LOS f: Discuss the fundamental factors that influence each price multiple and dividend yield.

Q1. An increase in which of the following variables will least likley result in a corresponding increase in the price-to-book valuePBV ratio for a high-growth firm?

A)   Payout ratios.

B)   Required rate of return.

C)   Growth rates in earnings.

 

Q2. An increase in growth will cause a price-to-earnings (P/E) multiple to:

A)   increase.

B)   there is insufficient information to tell.

C)   decrease.

 

Q3. An increase in financial leverage will cause a price-to-earnings (P/E) multiple to:

A)   decrease.

B)   increase.

C)   there is insufficient information to tell.

 

Q4. An increase in financial leverage, assuming no change in the growth rate, will generally cause a price to cash flow (P/CF) ratio to:

A)   decrease.

B)   there is insufficient information to tell.

C)   increase.

 

Q5. An increase in return on equity (ROE) will cause a price-to-book (P/B) multiple to:

A)   increase.

B)   decrease.

C)   there is insufficient information to tell.

 

Q6. All other variables held constant, the price-to-book value (PBV) ratio will decrease with a decrease in:

A)   expected growth rate.

B)   retention ratio.

C)   required rate of return.

 

Q7. A decrease in the earnings retention rate will cause a price-to-sales (P/S) multiple to:

A)   decrease.

B)   remain the same.

C)   increase.

 

Q8. An increase in growth will cause a price to cash flow multiple to:

A)   decrease.

B)   there is insufficient information to tell.

C)   increase.

 

Q9. The net impact of an increase in payout ratio on price-to-book value (PBV) ratio cannot be determined because it might also:

A)   decrease the market value of the firm.

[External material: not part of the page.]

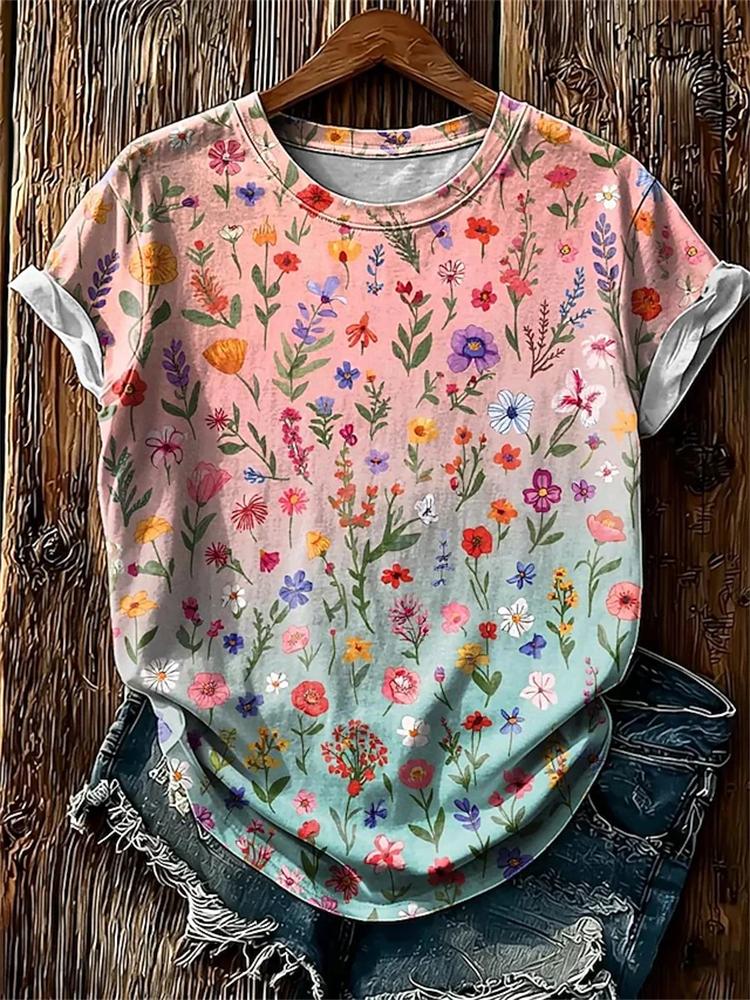 2026 Women's Fashionable Casual Round-Neck Short-Sleeve T-Shirt Bird-Print T-Shirt Trendy Streetwear Short-Sleeve Top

B)   decrease required rate of return.

C)   decrease expected growth.

 

Q10. The price-to-book value (PBV) ratio for a high-growth firm will:

A)   increase as the growth rate in either the high-growth or stable-growth period increases.

B)   increase as the growth rate in either the high-growth or stable-growth period decreases.

C)   increase as the growth rate in the high-growth period increases and decrease as the growth rate in the stable-growth period increases.

 

Q11. An increase in return on equity (ROE) will cause a price-to-earnings (P/E) multiple to:

A)   increase.

B)   there is insufficient information to tell.

C)   decrease.

 

Q12. An increase in profit margin will cause a price-to-sales (P/S) multiple to increase if:

A)   the required rate of return increases.

B)   the growth rate in sales does not decrease proportionately.

C)   there is insufficient information to tell.